Here is some info about Metavivor, Chronic Disease Fund, Sisters Network, Driving Miss Darby and Abigail Alliance. I think they are making a difference!

Anonymous said...

Hi All,

I'm a breast cancer activist here in Ohio. As near as I can tell, Key is just re-bundling pots of money it normally gives to hospitals and other cancer groups. Instead of going directly to those providers, it is now being funneled through Komen. Some appears to be money that used to go to ACS for their patient navigation program.

NE Ohio Komen is a highly predatory chapter. They spend a great deal of money and time duplicating the work of other breast cancer groups and programs, while gradually stealing their funding. Its been very destructive to breast cancer patients in NE and NW Ohio, one reason why we still have such high bc mortality rates among the uninsured here. Most uninsured patients still ping pong around the system for weeks or months at a time before getting treatment.

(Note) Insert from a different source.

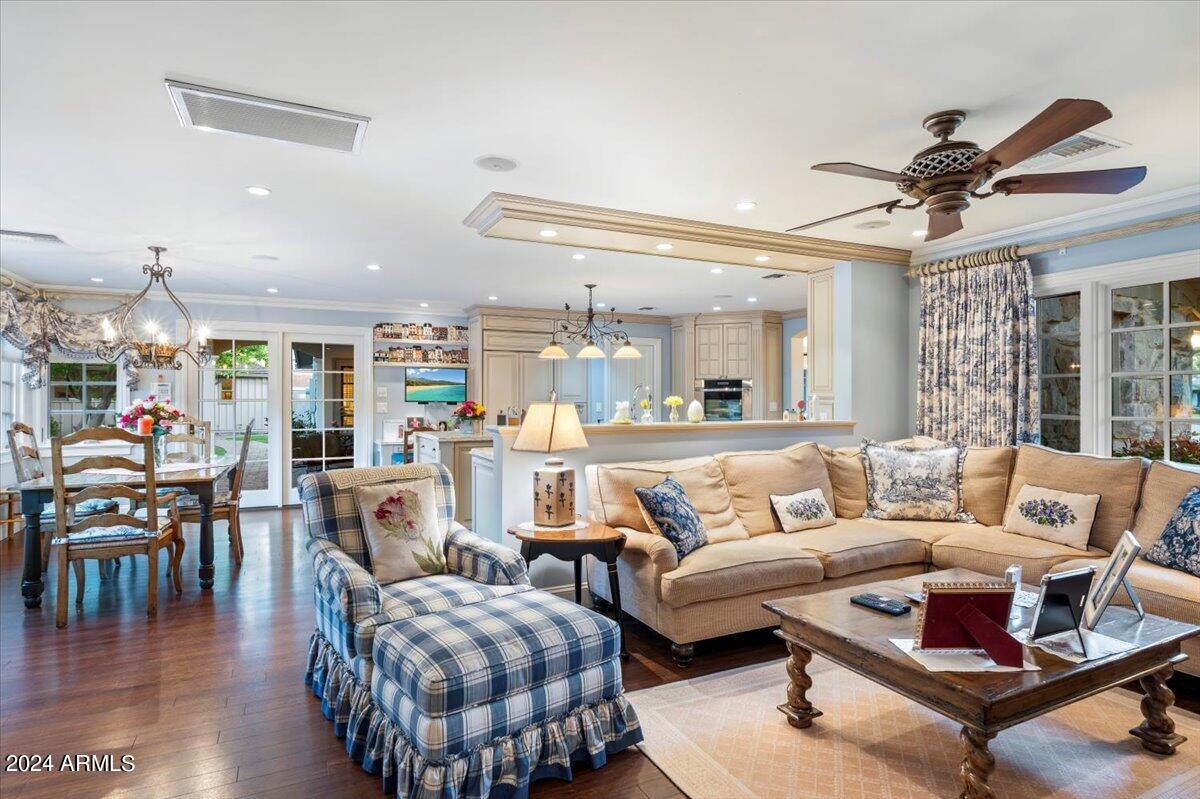 301 W MCLELLAN Boulevard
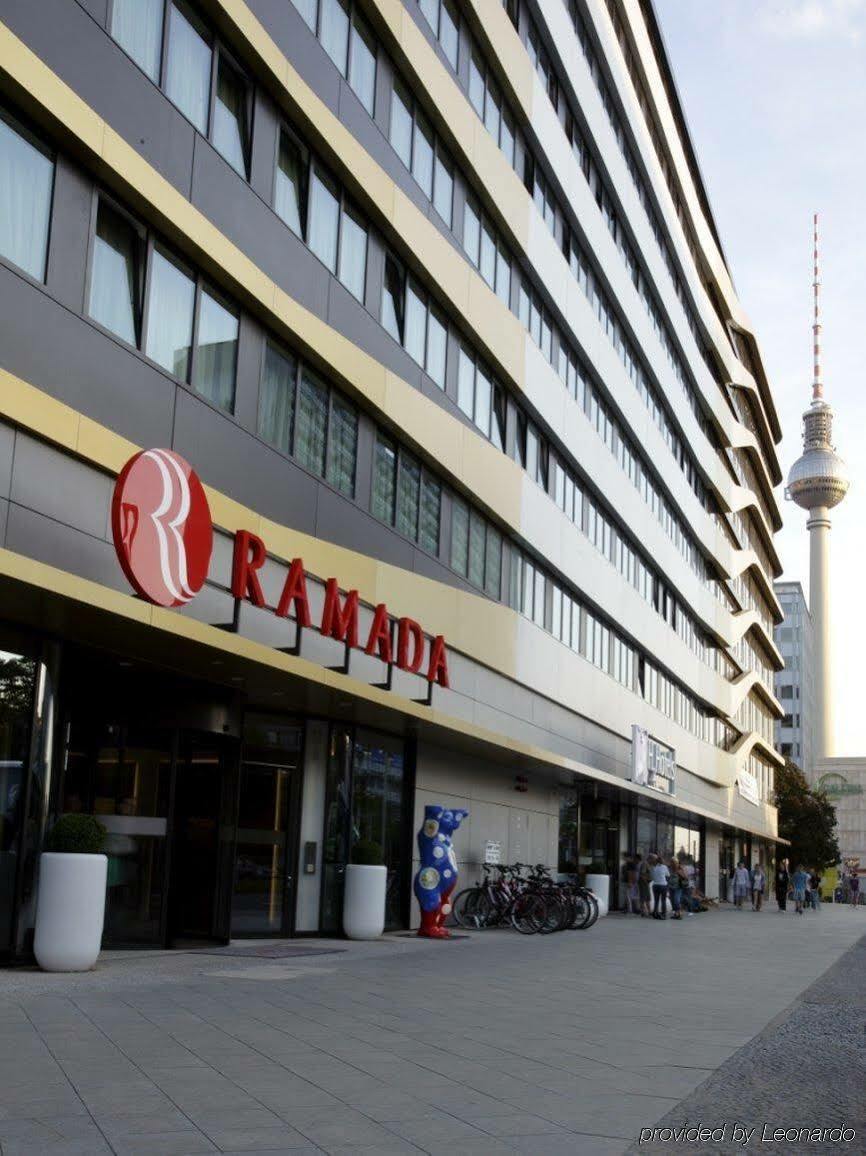 H4 Hotel Berlin Alexanderplatz Esterno foto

Hospitals are afraid to question them for fear of being cut off from Komen's "research" grants. Key Bank also competes with National City (now PNC) who has a pink ribbon credit card. A few years ago National City began giving their money to that Texas group that tells you to click on the pink ribbon to give someone a free mammogram.

Yeah, NE Ohio is the domain of the sharp elbowed breast cancer kings and queens and the rest of us serfs manage to make do with occasional crumbs from the royal table.

What? I thought it was like this everywhere else. Are we worse off than the rest of you guys ;-)?

Cancer Bitch said...

Thanks, Anonymous. Has any of this been documented publicly? So much energy going in the wrong direction.